## Data for review
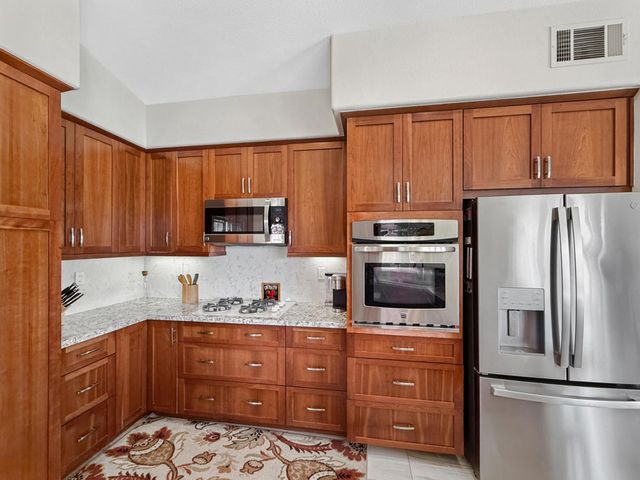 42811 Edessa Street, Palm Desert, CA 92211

* * *

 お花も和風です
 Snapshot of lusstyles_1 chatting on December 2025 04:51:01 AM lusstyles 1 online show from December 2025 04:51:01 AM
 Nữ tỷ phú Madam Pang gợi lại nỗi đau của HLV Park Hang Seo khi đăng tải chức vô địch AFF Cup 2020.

...

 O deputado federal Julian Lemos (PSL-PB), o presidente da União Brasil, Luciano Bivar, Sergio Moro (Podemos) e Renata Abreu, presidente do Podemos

## Problem
The listing above holds a line with "Snapshot of lusstyles_1" and a line with "Nữ tỷ phú Madam". Print the stretch from the first through the second, exactly and alone.

## Response area
 Snapshot of lusstyles_1 chatting on December 2025 04:51:01 AM lusstyles 1 online show from December 2025 04:51:01 AM
 Nữ tỷ phú Madam Pang gợi lại nỗi đau của HLV Park Hang Seo khi đăng tải chức vô địch AFF Cup 2020.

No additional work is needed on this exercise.